Clive Thompson tells Wired readers that we should all speak the language of data. (The online version is here. The article also appears in the May issue.) He argues that statistical illiteracy is the nation's political problem. "If you don't understand statistics, you don't know what's going on -- and you can't tell when you're being lied to."
In other words, everyone should think like a statistician... my pitch to the Baltimore Sun reporter is here.
As happens with these interviews, a great deal was said, much of it vanished during the editing process.
The example I provided illustrates "survivorship bias". The most important metric for the retail sector is same-store sales growth, the average change in sales experienced by individual stores. Less known is the fact that only stores opened for at least one year are considered eligible for the sample: this is sensible since new stores may experience "growing pains" and thus unfairly drag the metric down.
Even less known is the fact that stores closed during the reporting period are excluded: this is sensible in a stable economy; removing transient activity can be justified if one wants to measure the average trend. In a recessionary environment, such an exclusion creates a bias in the sample, which has the effect of magically creating sales growth when sales is merely migrated from one store to another.
Imagine there are four Starbucks in your neighborhood (quite likely in NYC). Starbucks decided to shut one of the (low-performing) stores down. Because this store was not reported as open at the end of the month, it was deemed ineligible for the sample. Meanwhile, all the customers of this store took their business to the other three Starbucks in the neighborhood. Those three stores saw a jump in sales. The jump in sales constituted same-store sales growth, when in fact they merely migrated from the closed store.

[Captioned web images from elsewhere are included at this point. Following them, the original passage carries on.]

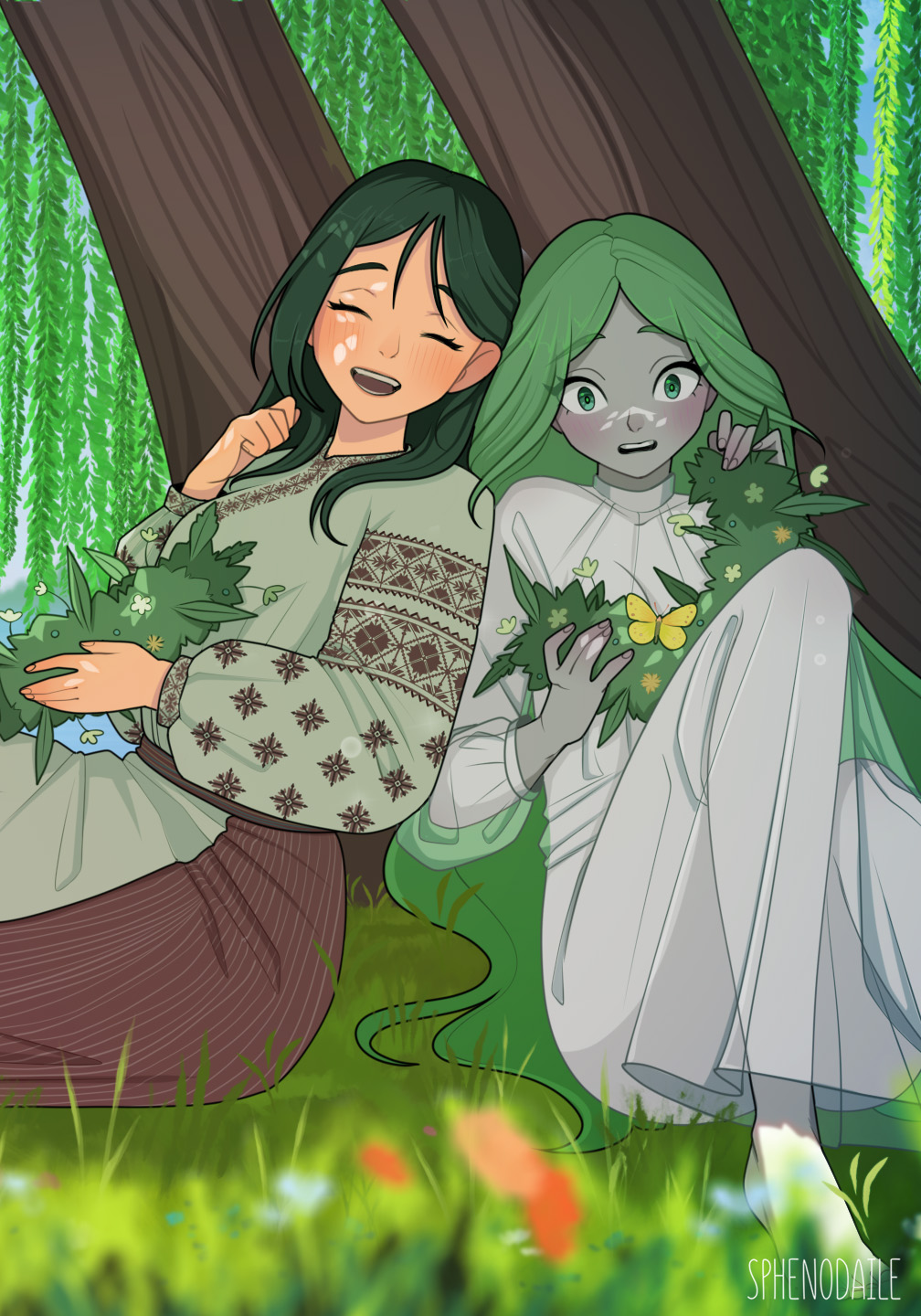 2girls, barefoot, black_hair, blue_sky, bug, butterfly, closed_eyes, colored_skin, commentary, couple, day, english_commentary, fingernails, flower, flower_wreath, grass, green_eyes, green_hair, grey_skin, highres, holding, holding_head_wreath, holding_wreath, implied_yuri, insect, interspecies, lake, laughing, leaning_back, lilea_(sphenodaile), long_hair, looking_at_viewer, multiple_girls, nature, olesya_(sphenodaile), original, outdoors, paid_reward_available, pond, rural, rushnyk, scenery, see-through_clothes, sitting, sky, slavic_clothes, slavic_mythology, smile, sphenodaile, sunlight, surprised, traditional_dress, tree, ukraine, ukrainian_clothes, very_long_hair, vinok, vyshyvanka, water, willow, yuri
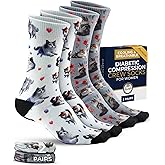 Pembrook Premium Diabetic Compression Crew Socks for Women - Running Socks, Short Compression Socks for Women - 2 Pairs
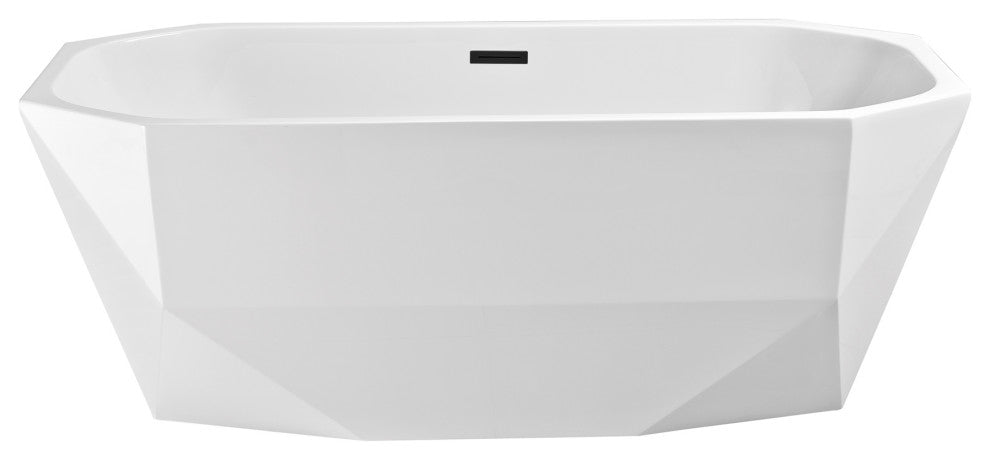59" Streamline NPT9621BL Freestanding Tub With Internal Drain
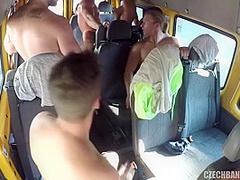 Gang Bang In Bus - Lewd Milf Group Sex
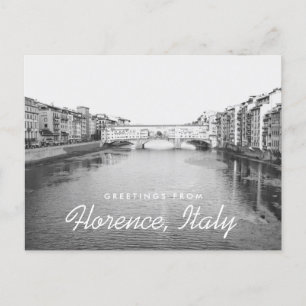 Florence Italy Black & White Ponte Vecchio Bridge Briefkaart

It's a form of "survivorship bias" because the sample used to estimate same-store sales selectively included only "survivors". If the closed store were also added to the sample, then the drop in sales (to zero) at this store would cancel out the jump in sales in the other three stores, which would reflect the economic reality.
So, yes statistics is tricky but it can be learned.
Thanks, Clive, for devoting a column to make this important point.